L’accès à l’eau doit rester au cœur de l’agenda du développement post 2015 !

Intervention de Gérard Payen
Intervention de Gérard Payen

A Gyeongju (Corée), ce matin, à l’invitation du Cercle Français de l’Eau et du Partenariat Français pour l’Eau et de l’AIMF, petit déjeuner de travail sur le thème de « l’Eau dans l’agenda international 2015 » avec une intervention de Gérard Payen, membre du Conseil consultatif sur l’eau et l’assainissement auprès du Secrétaire général de l’ONU sur le thème de l’Agenda post 2015.

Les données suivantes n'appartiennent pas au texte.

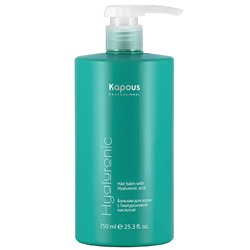 Бальзам для волос с гиалуроновой кислотой «Hyaluronic acid» Kapous 750 мл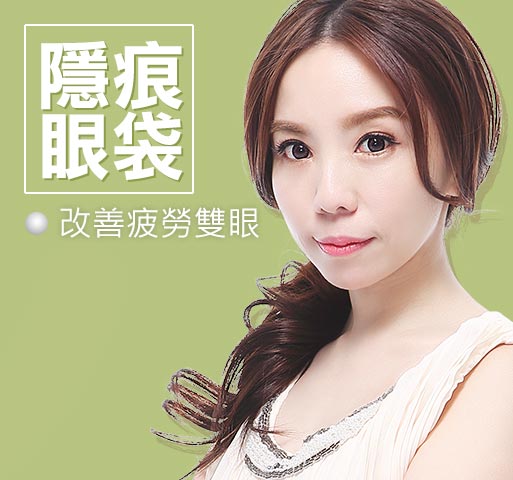 消除眼袋手術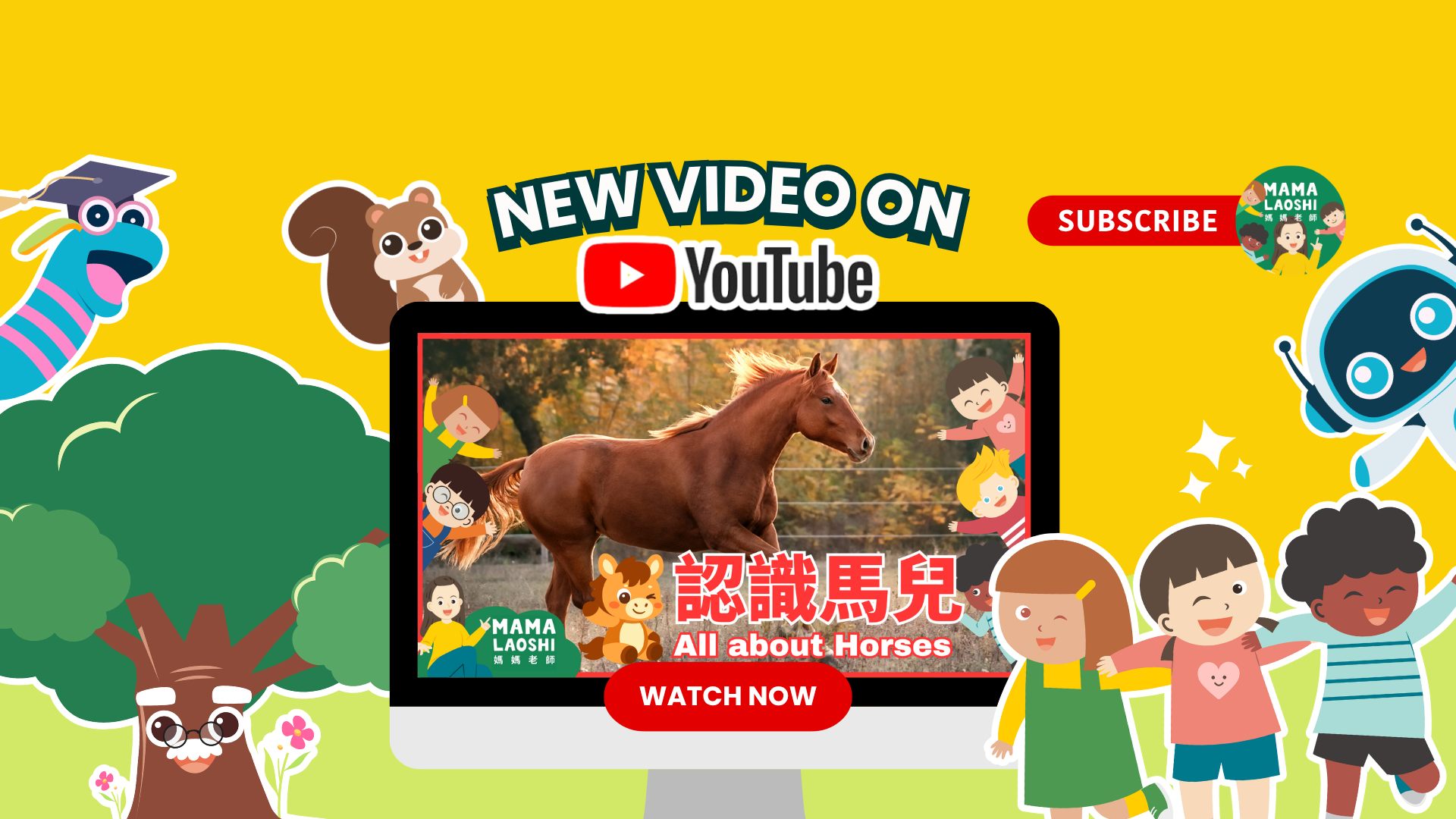 New youtube episode (what new) (1)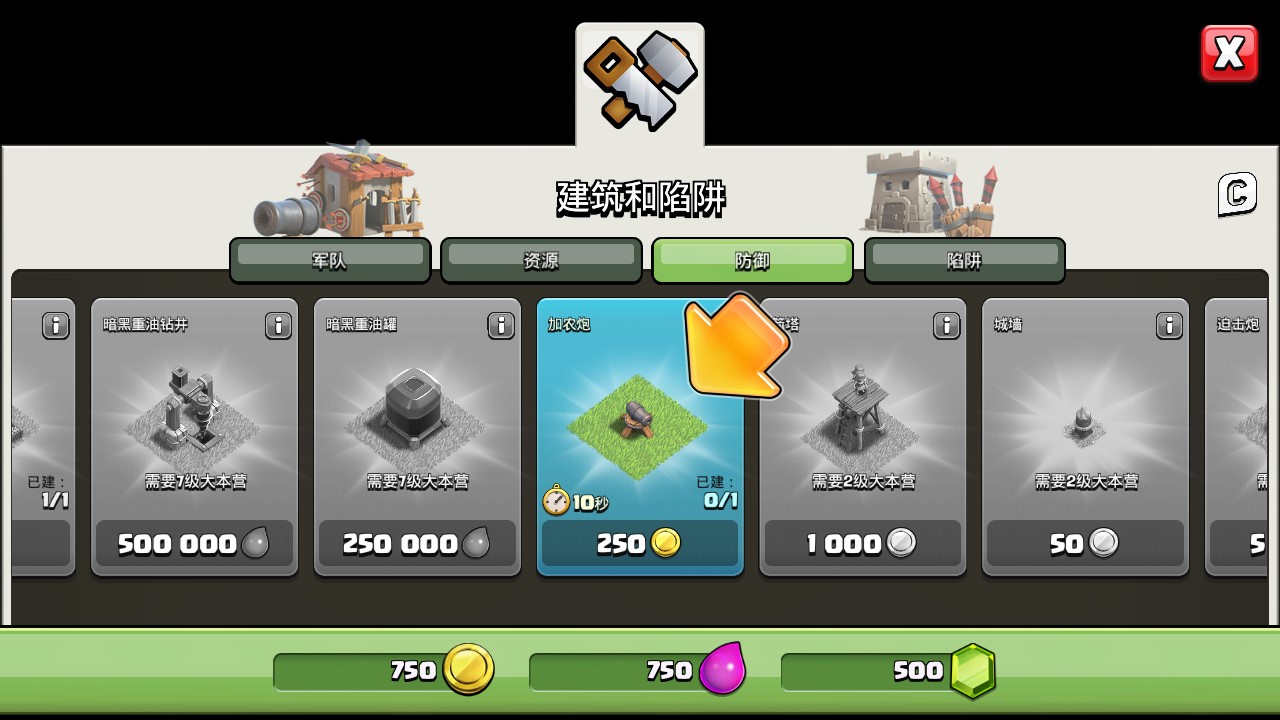 Clash of Clans部落沖突國(guó)際服最新版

L’année 2015 est en effet une année décisive dans l’agenda du développement avec trois rencontres majeures : la Conférence d’Addis Abeba sur le financement du développement en juillet, le Sommet de New-York sur l’agenda du développement durable en septembre, et la Conférence des Nations unies sur le climat à Paris en décembre.

friseeau

Il faudra veiller à ce que l’accès à l’eau et à l’assainissement reste bien une des priorités de cet agenda et qu’il soit retenu comme un des objectifs du Développement Durable (ODD) ce qui semble être le cas au stade actuel des négociations, avec de nouvelles ambitions pour les 15 ans qui viennent :

  • accès universel à de l’eau véritablement potable (non contaminée)
  • réduire de moitié les flux d’eaux usées non dépolluées
  • assurer des prélèvements des ressources en eau

solidarite-eauIl est évident que cet accès des populations à une eau potable et à un assainissement des eaux rejetées devra aussi être abordé dans la COP 21 de Paris en fin 2015. Cette conférence traitera essentiellement des mesures à prendre pour limiter le réchauffement de la terre et donc de la réduction des rejets de gaz à effet de serre et de la nouvelle équation énergétique qu’il faudra adopter. Elle ne pourra cependant pas ignorer les conséquences que font déjà peser sur le cycle de l’eau et sur l’accès à l’eau les changements climatiques déjà constatés.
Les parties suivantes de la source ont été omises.